Tove, dal canto suo, sa di essere innamorata del contenuto della siringa più che dell’uomo che le somministra la sostanza, di cui ormai non riesce più a fare a meno: costretta a letto, arriva a pesare trenta chili, e a sottoporsi a un’operazione che la rende sorda da un orecchio, pur di poter avere altre dosi di Demerol. La dipendenza da alcol e droghe si fa sempre più profonda, finché nel 1976, con un’overdose di sonniferi, Tove Ditlevsen si suicida: ha cinquantotto anni, quattro matrimoni e altrettanti divorzi alle spalle, ha avuto due figli, e scritto ventinove libri – romanzi, memoir, ma soprattutto poesie.
E leggere la Trilogia di Copenhagen fa capire perché Tove Ditlevsen vada ricordata soprattutto come poeta – non perché le sue poesie siano migliori o più famose dei romanzi e dei memoir, ma perché prettamente poetica è la distillata eloquenza della sua scrittura, l’obliquità del suo sguardo sul mondo, l’occhio per il dettaglio in grado di dispiegare un’intera esistenza.
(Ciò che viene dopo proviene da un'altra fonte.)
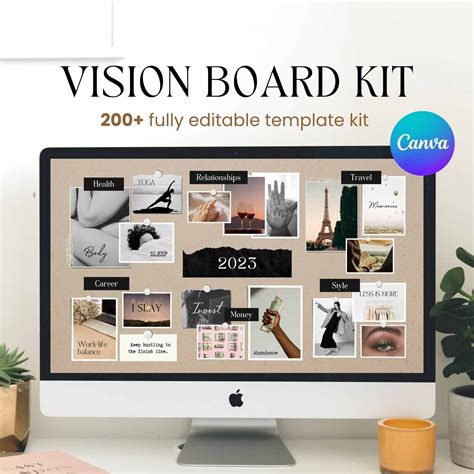 Image result for Vision Board Template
Ditlevsen ha raccontato la propria vita senza farsi sconti; ha raccontato le difficoltà di una donna che vuole scrivere, senza sottacere i bassifondi esistenziali della classe operaia, con uno stile crudo, asciutto, che riflette il disincanto di chi sa che precipitare nel baratro è sempre possibile, anche se «al mattino la speranza c’era».